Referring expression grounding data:
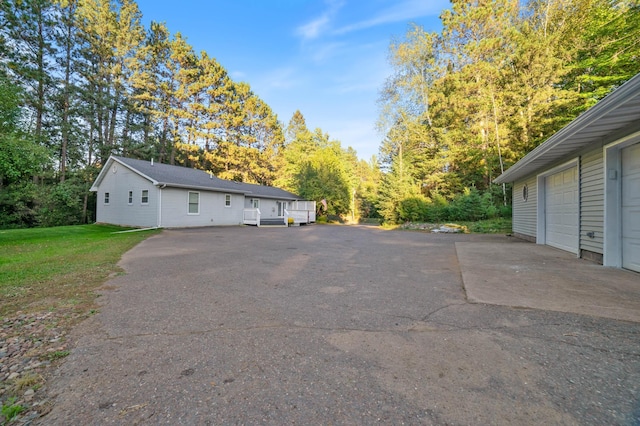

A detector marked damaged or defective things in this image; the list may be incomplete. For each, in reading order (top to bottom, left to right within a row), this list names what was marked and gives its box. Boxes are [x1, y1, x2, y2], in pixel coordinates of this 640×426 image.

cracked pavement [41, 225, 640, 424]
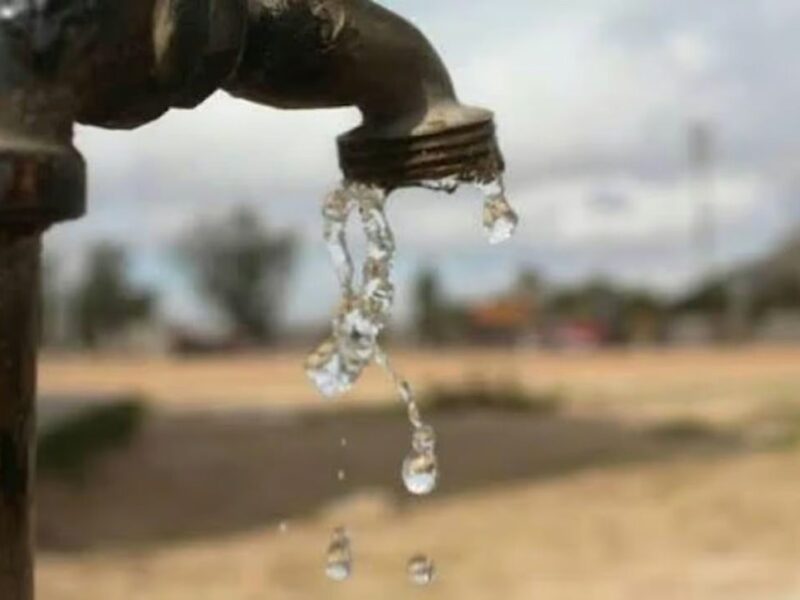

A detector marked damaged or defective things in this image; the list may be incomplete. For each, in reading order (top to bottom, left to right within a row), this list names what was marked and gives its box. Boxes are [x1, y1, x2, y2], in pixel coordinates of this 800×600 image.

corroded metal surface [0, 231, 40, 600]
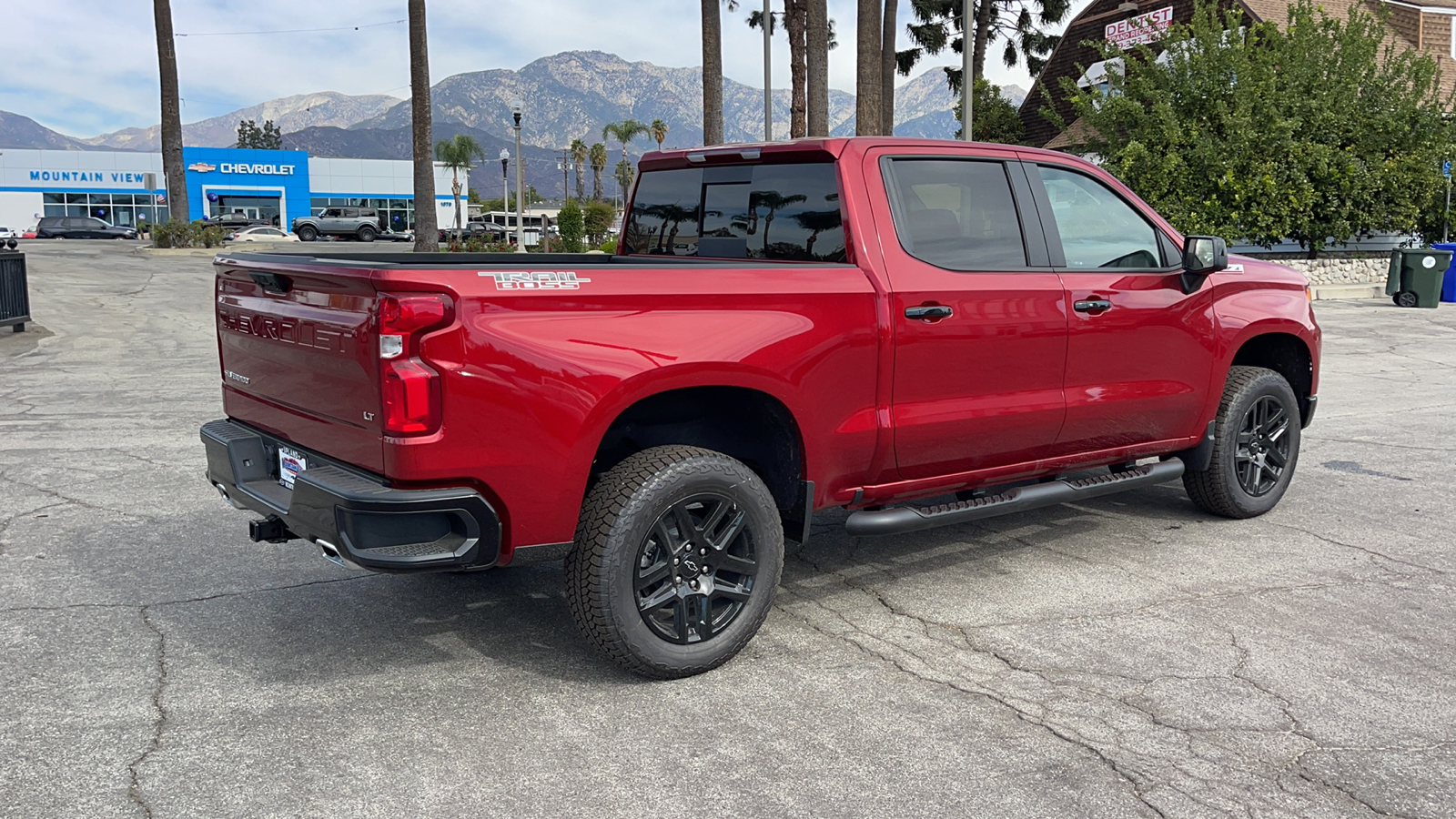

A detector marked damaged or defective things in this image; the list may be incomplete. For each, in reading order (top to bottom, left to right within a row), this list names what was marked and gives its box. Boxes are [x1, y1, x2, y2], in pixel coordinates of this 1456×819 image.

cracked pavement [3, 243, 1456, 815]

**TASK DETAILS**
Reprint all the data above verbatim, excluding pictures.

**PROBLEM SOLUTION**
A detector marked damaged or defective things in this image; the list may be incomplete. For each, in reading order (top to bottom, left to right within a row), this list names what was marked and gives its box. Boxes are [x1, y1, x2, y2], in pixel coordinates of this 640×426 image.

cracked pavement [41, 225, 640, 424]

A detector marked damaged or defective things in this image; the list may be incomplete. For each, in reading order (top to bottom, left to right within a row), this list names what was marked and gives its box. Boxes are [x1, y1, x2, y2], in pixel coordinates of this 800×600 image.

corroded metal surface [0, 231, 40, 600]

A detector marked damaged or defective things in this image; the list may be incomplete. For each, in reading order (top to bottom, left to right within a row), this list names what was marked and gives its box. Boxes are [x1, y1, x2, y2], in pixel coordinates of this 1456×819 image.

cracked pavement [3, 243, 1456, 815]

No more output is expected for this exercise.